### Task prompt:
Will you transcribe all the entries word for word, skipping the pictures they hold?

### The data:
○ ○ ○ ○
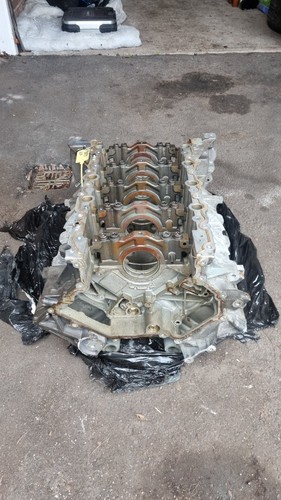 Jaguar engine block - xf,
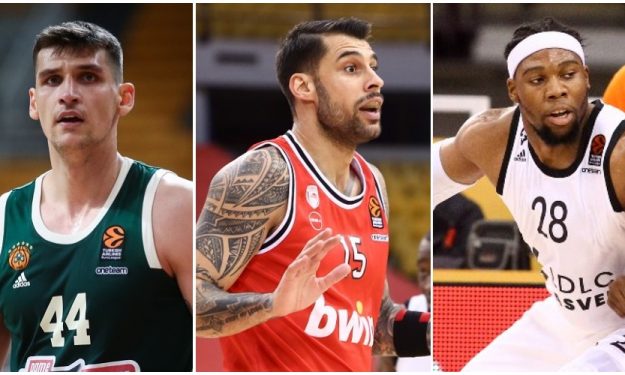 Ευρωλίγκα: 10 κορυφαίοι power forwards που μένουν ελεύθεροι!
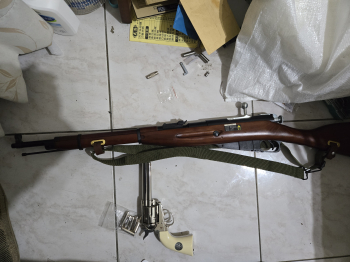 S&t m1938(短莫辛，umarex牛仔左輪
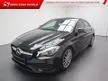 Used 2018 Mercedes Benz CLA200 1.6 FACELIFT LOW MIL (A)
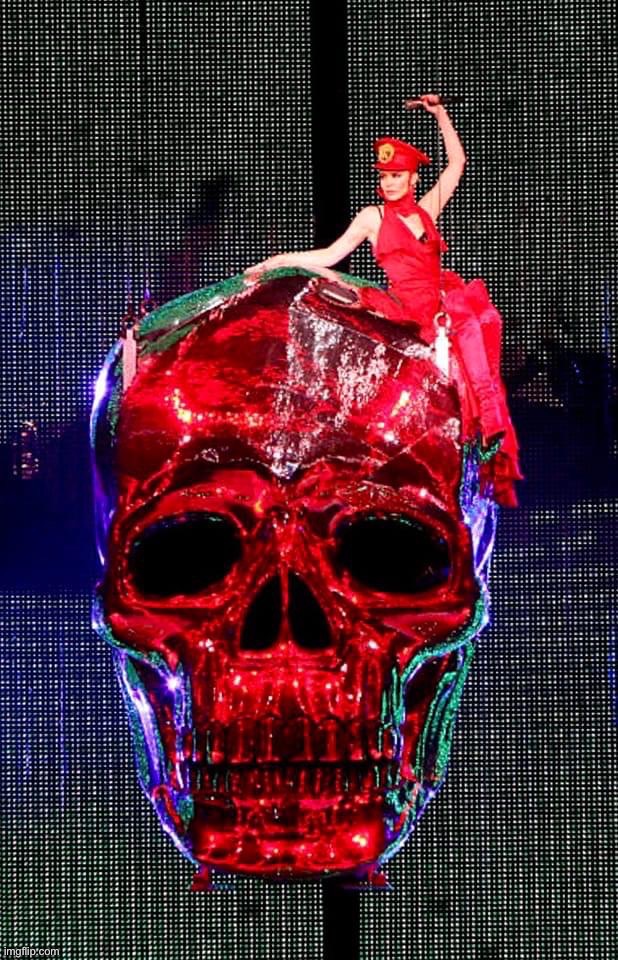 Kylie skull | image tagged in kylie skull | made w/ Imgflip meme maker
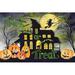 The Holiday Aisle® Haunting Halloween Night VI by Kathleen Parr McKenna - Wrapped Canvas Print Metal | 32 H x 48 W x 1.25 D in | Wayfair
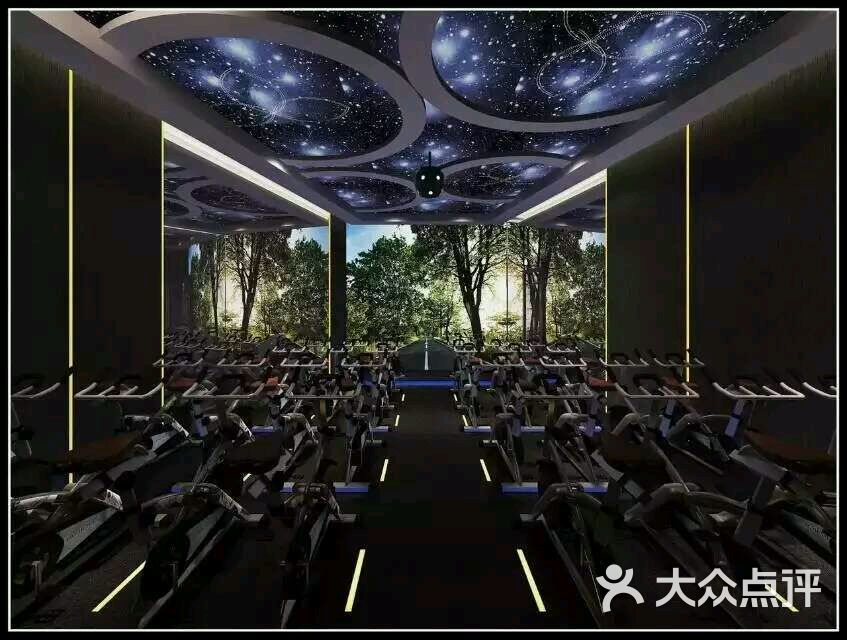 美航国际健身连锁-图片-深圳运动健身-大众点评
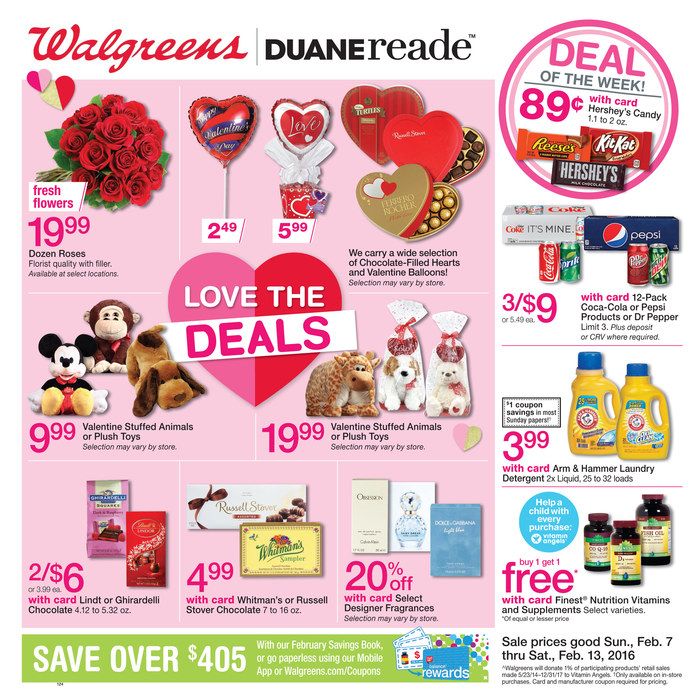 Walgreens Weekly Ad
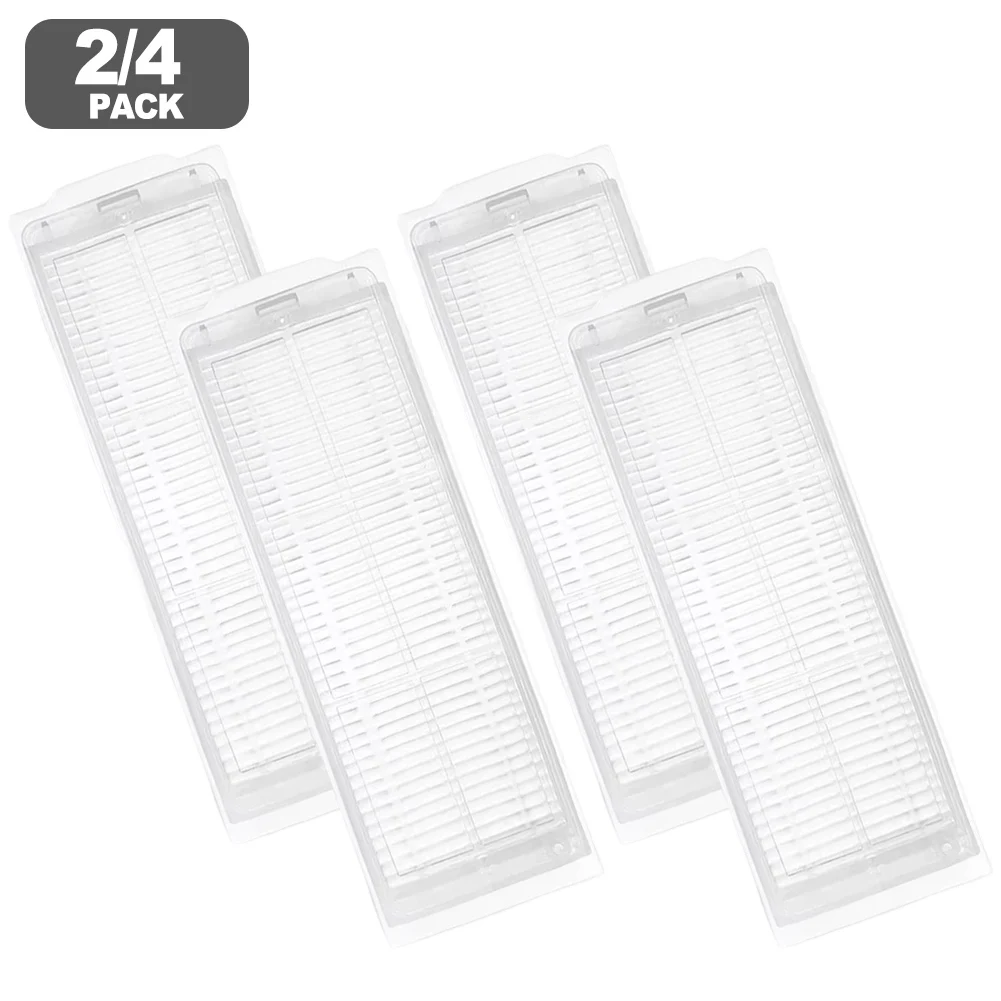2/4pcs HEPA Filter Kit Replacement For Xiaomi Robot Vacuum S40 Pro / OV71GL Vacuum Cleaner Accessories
○ ○ ○ ○
### Answer section:
 Jaguar engine block - xf,
 Ευρωλίγκα: 10 κορυφαίοι power forwards που μένουν ελεύθεροι!
 S&t m1938(短莫辛，umarex牛仔左輪
 Used 2018 Mercedes Benz CLA200 1.6 FACELIFT LOW MIL (A)
 Kylie skull | image tagged in kylie skull | made w/ Imgflip meme maker
 The Holiday Aisle® Haunting Halloween Night VI by Kathleen Parr McKenna - Wrapped Canvas Print Metal | 32 H x 48 W x 1.25 D in | Wayfair
 美航国际健身连锁-图片-深圳运动健身-大众点评
 Walgreens Weekly Ad
2/4pcs HEPA Filter Kit Replacement For Xiaomi Robot Vacuum S40 Pro / OV71GL Vacuum Cleaner Accessories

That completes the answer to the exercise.